Pictured here is my great-great-grandfather (bottom left), great-grandmother (Bettina, middle), and grandmother (Elgira, dark hair, top center). This photo, taken in Italy, always makes me pause -- seeing the dirt under my great-great-grandfather DiGiacomo's nails and the sparkle in his eye. Monetarily poor but happy, I imagine, to be connected to the land, digging in the soil, herding goats and sheep, and tending to the family gardens.

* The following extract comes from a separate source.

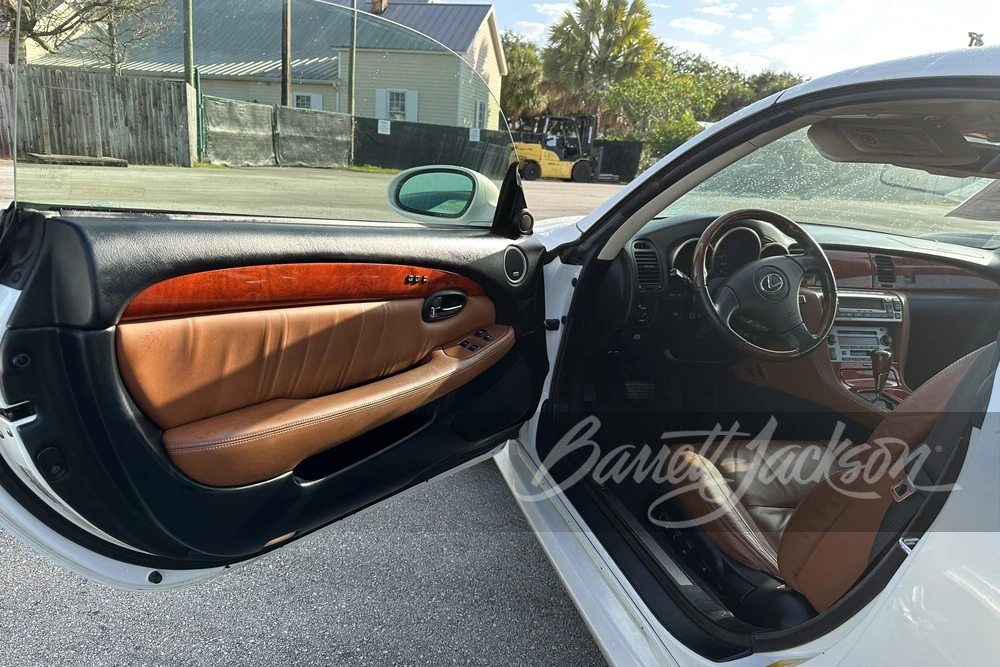 2002 Lexus SC430 - Image 3 of 5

When my grandmother and her family came to America in 1913, they brought with them what would become a tradition of "backyard farming" -- chickens, fruit trees, a few pigs, and tomatoes. They made their own pork sausage in the basement, dried tomato paste on their tin roof, and the canned tomato sauce to last the winter. My "big nana" (great grandmother) never learned to speak English, unlike her children who Americanized as quickly as possible, but she spoke to me through food every time I sat in her kitchen during summer visits to Pennsylvania. I guess this is where my farming heritage comes from ... it's the only explanation I have for the goats in my backyard, tomato seedlings in my kitchen window, and chickens pecking in a side yard coop!
I expect Nicoletta will be the next in a long line growers to make the most of their land wherever it may be (even if we skipped a couple generations)!